Last week I was looking through old journals. And it's funny. I saw this pattern with my voice. I had a long phase when I was writing journals, but not telling the truth. I wanted to tell the truth, but I just couldn't say it. I couldn't put into words, even for my own eyes, what was honestly happening in my world.
So then my world broke and I had to start over. And my voice had to be reborn as well.
My first journal after The Fall is full of quotes--the voices of others--that expressed what I was experiencing.
This is anger, they told me.
This is fear.
This is sorrow.
This is courage.
This is trust.
This is hope.
And then I started to write, in the voice of a child, about things like my favorite color and my favorite food and childhood memories. Things I was sure of. Facts that I knew.
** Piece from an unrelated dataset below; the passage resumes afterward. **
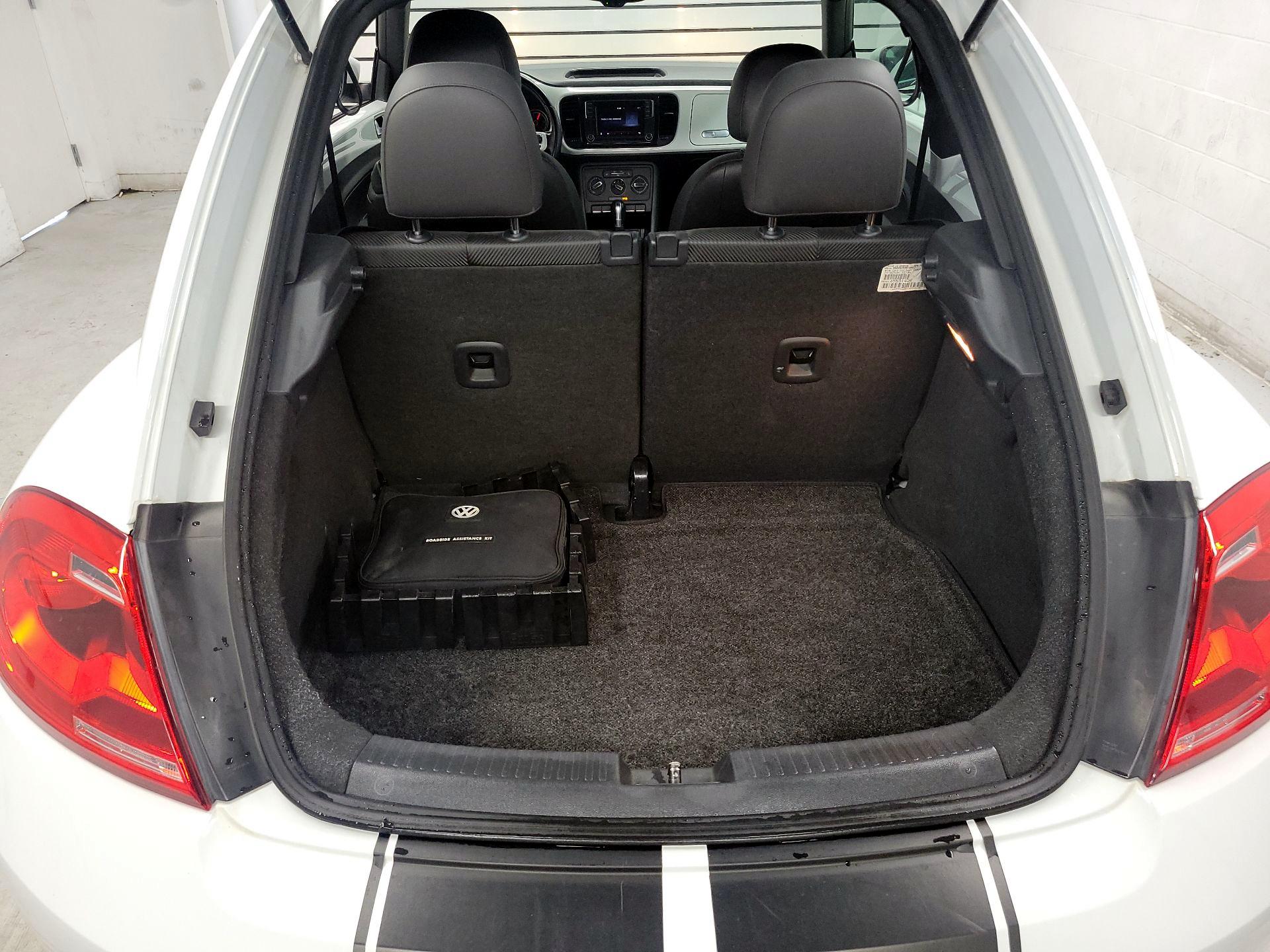 Thumbnail: 2016 Volkswagen Beetle - 20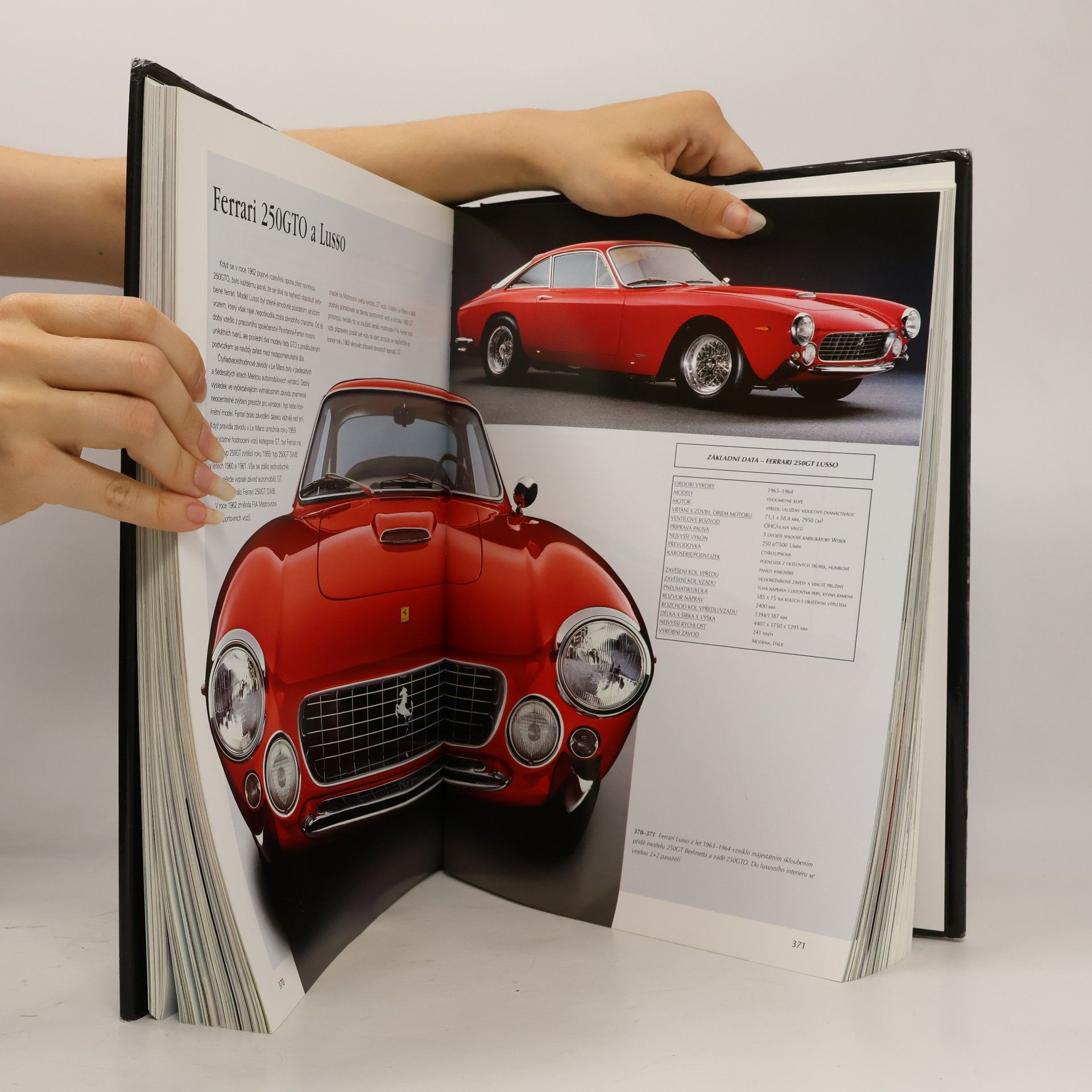 Michael Bowler Velká kniha automobilů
And I wrote more, and my voice grew up, slowly, explaining to myself what I had known before, and what I knew now, and what it all meant as an integrated whole.
I learned to say: no, I disagree, and I don't like that.
I learned to say: this is what I want, this is what I need, and I can't compromise with the truth.
It was ugly at times and scary almost always, growing from silence to sound.
And now I have this voice. This voice to tell this story.
My voice, and no one else's.
My story, and no one else's.
My freedom, which is a tiny piece of the freedom offered to us all.